Data Minimisation Principles
Certif-Scope applies strict minimisation rules aligned with GDPR Art.5(1)(c): only essential financial indicators are processed, and nothing more.
- • No user identity is required to compute emissions.
- • No personally identifiable information (PII) is stored.
- • All processing occurs in-memory without persistence.
- • No behavioural or analytics tracking is used.
Cookies & Tracking Policy
- • No cookies are used for analytics or profiling.
- • No third-party trackers, pixels or behavioural scripts.
- • Optional session cookies are functional only and non-identifiable.
- • No cross-site sharing of data with external services.
Retention, Storage & Deletion Policy
- • No server-side retention of submitted financial data.
- • No logs containing user inputs are stored.
- • No backups include user-provided values.
- • Deletion is automatic at the end of the computation cycle.
Third-Party Access Restrictions
Data isolation is enforced at all times. No direct or indirect access to user inputs is granted to external providers.
- • No transfer to cloud analytics vendors.
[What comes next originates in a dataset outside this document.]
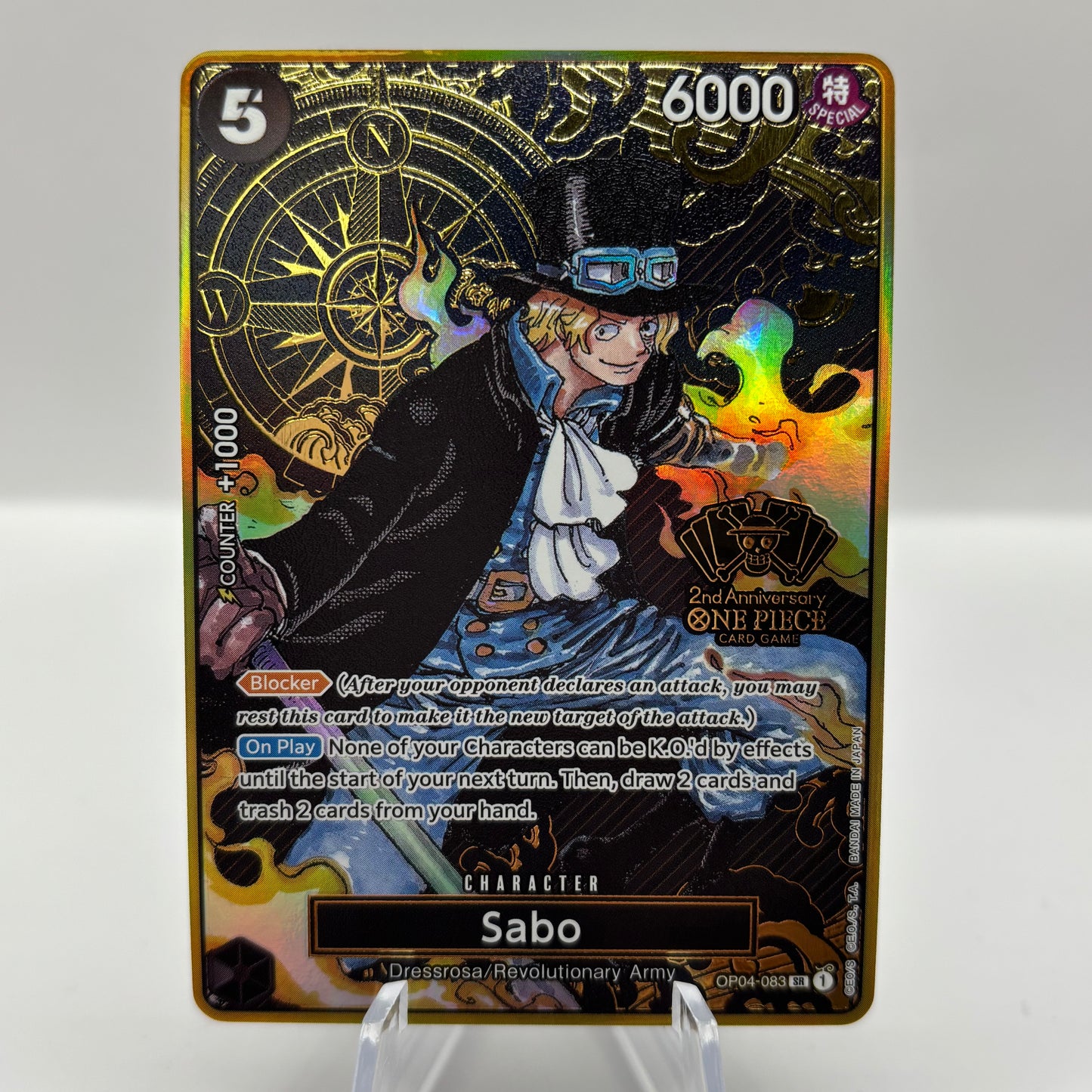 Sabo (One Piece Japanese Version 2nd Anniversary Set) - One Piece PR Cards single card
- • No sharing with ad networks or marketing tools.
- • No subcontracted processing of financial inputs.
- • No external storage of any kind.
Institutional Compliance Fit
- • Fully compatible with GDPR, ISO/IEC 29100 and EU procurement privacy rules.
- • No personal data means no DPIA requirement for institutions.
- • Compliant with banking confidentiality and risk screening workflows.
- • Suitable for public procurement documentation with zero PII exposure.